Here’s the initial table that the team received from a previous organization that was working (unsuccessfully) on this problem:

    HouseID     dist        nets?
    -----------------------------------
      1         250          yes
     Amy's      600         false
      2        1 mile        no

What problems do you see in the initial table?
Answer
- The data in the HouseID column do not have consistent type or nature (names vs some sort of id)
- The data in the dist column do not appear to be in the same units (feet vs miles, perhaps), and is not in a consistent format
- The data in the nets? column has different values for the same situation (false and no), and does not have a consistent type
Which types should each column contain to best enable future computation?
Answer
- HouseID: either strings capturing unique names or numbers capturing unique ids.
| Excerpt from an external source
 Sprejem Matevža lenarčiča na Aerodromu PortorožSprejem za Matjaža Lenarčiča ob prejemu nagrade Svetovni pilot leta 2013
As long as each row has a distinct value and they can be easily compared to each other (for purposes of looking up other data), either type is fine.
- dist: numbers representing feet. The problem description is in terms of feet, so maintaining those same units will reduce the likelihood of errors.
- nets? should be Boolean, since that type has only two values, which is what we want here. Strings like “yes” or “no” open up opportunities for typos unnecessarily.
To what extent could you clean up the table with programs, versus manual edits? You don’t need to write these programs, but describe the programs you would write if you were asked to actually clean this up.
Answer
- If HouseID is just some unique number per house, one could write a program to transform the column to contain unique numbers in order. If instead the ids were descriptive names, they’d have to be fixed manually.
- one could write a program to detect values in dist that look suspiciously large as feet, or that aren’t numbers, but a final human sanity check would be needed on any unusually large or small numeric values
- One could write a program to identify all values in the nets? column that aren’t already booleans. Specific values (like “yes”) could be replaced by appropriate booleans by transforming the column.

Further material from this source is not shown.